Tuesday, May 19, 2026

Judge Rejects NBA’s Request to Seal WBD Digital Streaming Deal

  • The NBA claims the deal contains proprietary business information. 
  • The judge in the case has his own unique legal history with the NBA.
NBA commissioner Adam Silver
Darren Yamashita-Imagn Images

Warner Bros. Discovery and the NBA continue to trade baskets before the two parties get into court. 

In a recent court filing, the league’s request to seal its agreement with WBD was denied by Supreme Court of the State of New York Judge Joel Cohen on Monday. The NBA can still file a new motion to redact or seal certain parts of the contract. The contract is considered a key piece of evidence to the NBA’s claim that WBD couldn’t match the 11-year, $19.8 billion deal the league recently struck with Amazon.

Though WBD matched Amazon’s financial terms, the NBA has argued Amazon’s offer included a number of benefits that WBD was structurally incapable of matching.

The NBA filed a motion to seal the contract in August, with permission from WBD. The document is a “Digital Rights Agreement” that WBD has with Bleacher Report to stream TNT games over Max through the life of its current media deal, which began in 2014 and runs through the end of the 2024–2025 season. The NBA’s reasoning was that the contract contained proprietary and sensitive business information.

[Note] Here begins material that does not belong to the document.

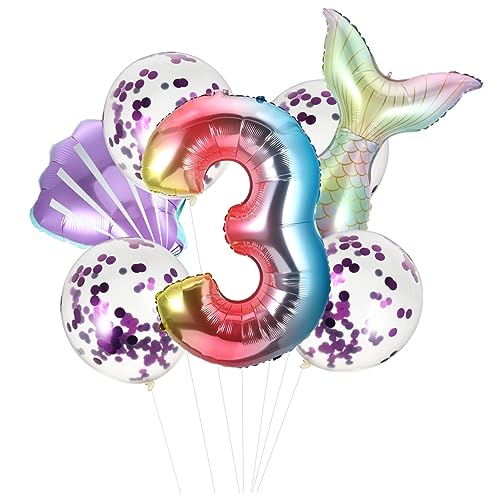 MOBUTOFU 7 Stück Aluminiumfolie Ballon Requisiten Set Mit Luftballon Stäben Perfekter Partyschmuck Für Meerjungfrau Kindergeburtstag Und Kreative Foto Requisiten von MOBUTOFU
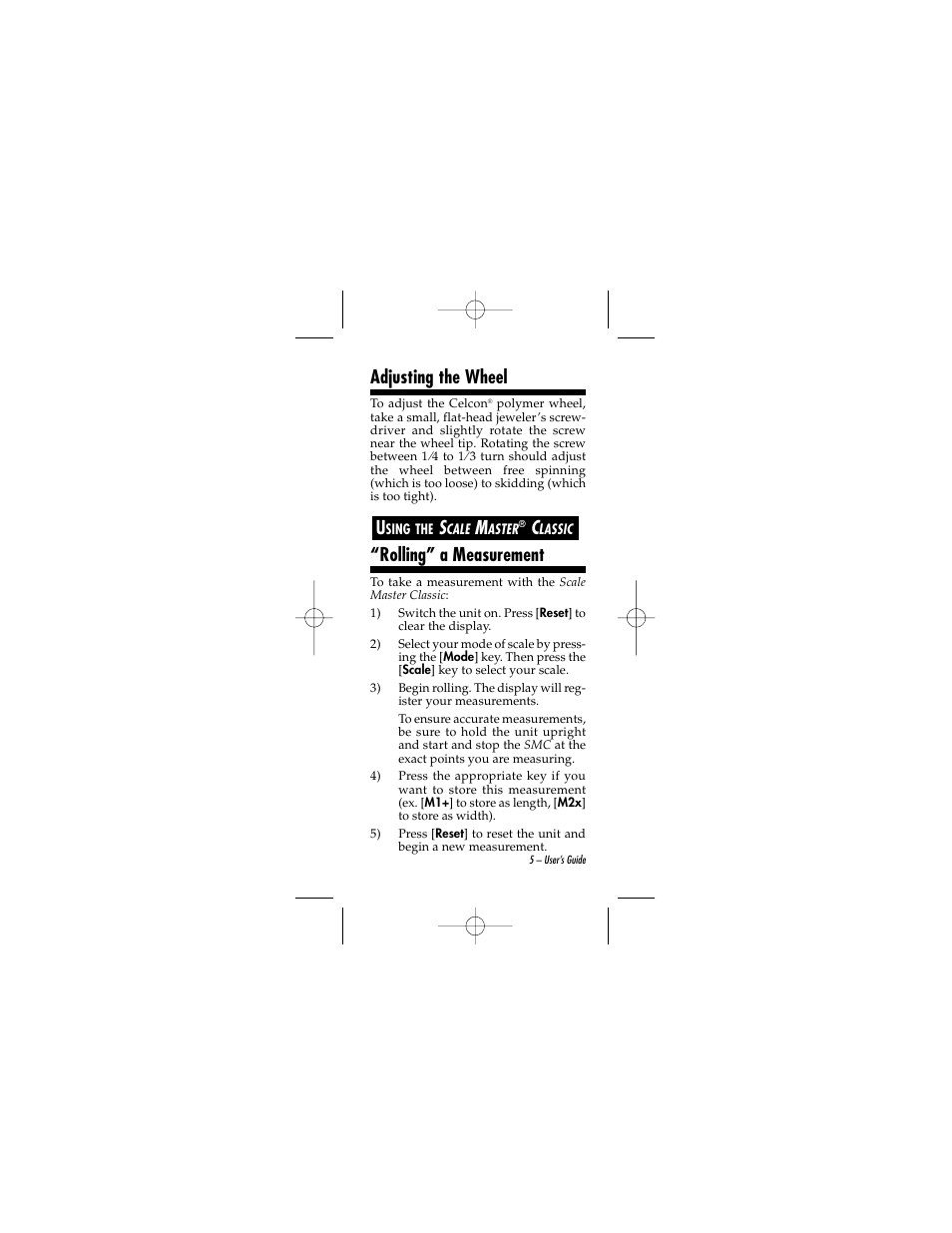 Adjusting the wheel, Rolling” a measurement | Calculated Industries 6020 v2.0 User Manual | Page 5 / 44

Cohen was unmoved. He wrote the NBA has 21 days to ask for specific portions of the contract to be redacted. He has yet to rule on a league request to dismiss the case in the early pleading stages. 

“Generalized assertions of confidentiality do not establish a compelling justification for the complete sealing that is proposed,” Cohen wrote. “While portions of the Digital Rights Agreement may include protectable confidential business information, Defendants have not made any attempt to isolate the specific portions of those documents that genuinely require redaction under the rigorous standards described above. Indeed, certain relevant portions of the Digital Rights Agreement are included in Defendants’ publicly filed memorandum of law, thus indicating that there are portions of the agreement that do not require sealing.”

Cohen has his own colorful history with the NBA from his time as an attorney. In the 1970s, two brothers had owned an ABA team that was left out of the NBA merger, and they received a slice of NBA TV revenue as compensation. The deal paid the brothers so much money that by 2014, when Cohen represented them, the league wrote them a buyout check for $500 million.